Language:
German
Year of publication:
2000
Titel der Quelle:
Jüdischer Almanach
Angaben zur Quelle:
2001 (2000) 127-144
Keywords:
Lasker-Schüler, Else,
Abstract:
Based on a lecture held in Berlin-Brandenburg, September 1998. Recalls that in 1932 Lasker-Schüler received the Kleist Prize for her life work, especially her just-published "Arthur Aronymus"; in 1933 she became an exile and in 1938 was deprived of her German citizenship. "Arthur Aronymus", published both as a play and as a story, is based on her father's childhood in Geseke in eastern Westphalia.
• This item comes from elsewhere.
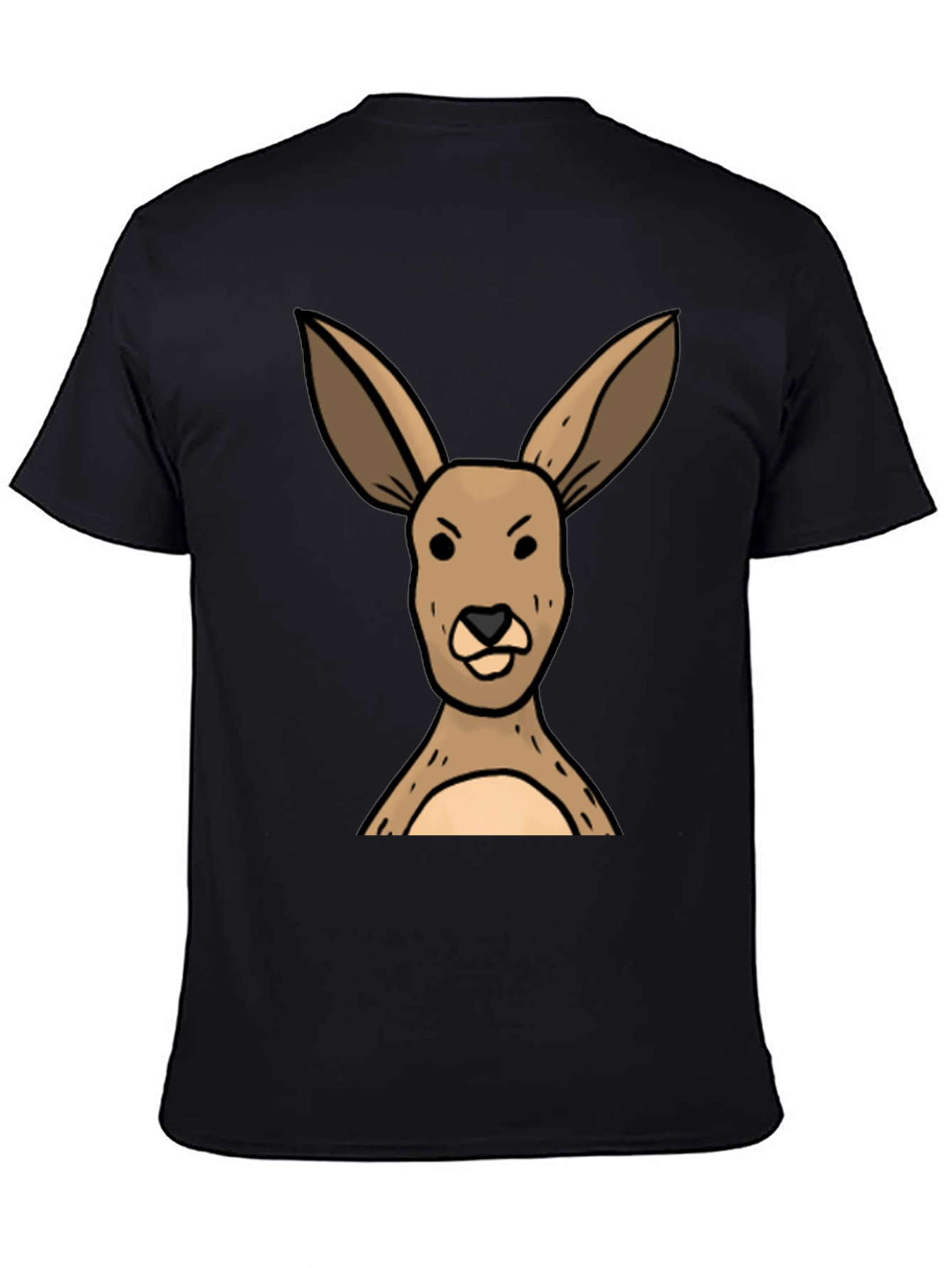 Funny Kangaroo Graphic Tee - Unisex Black T-Shirt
Historically, there were anti-Jewish outbreaks in Geseke in 1844, because of the resistance of a Jewish father to the conversion of his 14-year-old son. In the story and play, the inhabitants threaten to burn one of Arthur's sisters as a witch; a priest offers to prevent this if little Arthur's father will let him grow up as a Christian. The father refuses: "My fathers came to God directly and my son should come through mediation?" The priest is impressed, and the story ends with the sister saved and the priest sharing the Passover Seder with the Jewish family out of a feeling of respect for their difference. The play could no longer be performed in Germany and has seldom been performed since, partly, perhaps, because after the Holocaust it seemed too rosy; but it contains powerful descriptions of the violence that can be unleashed by antisemitism.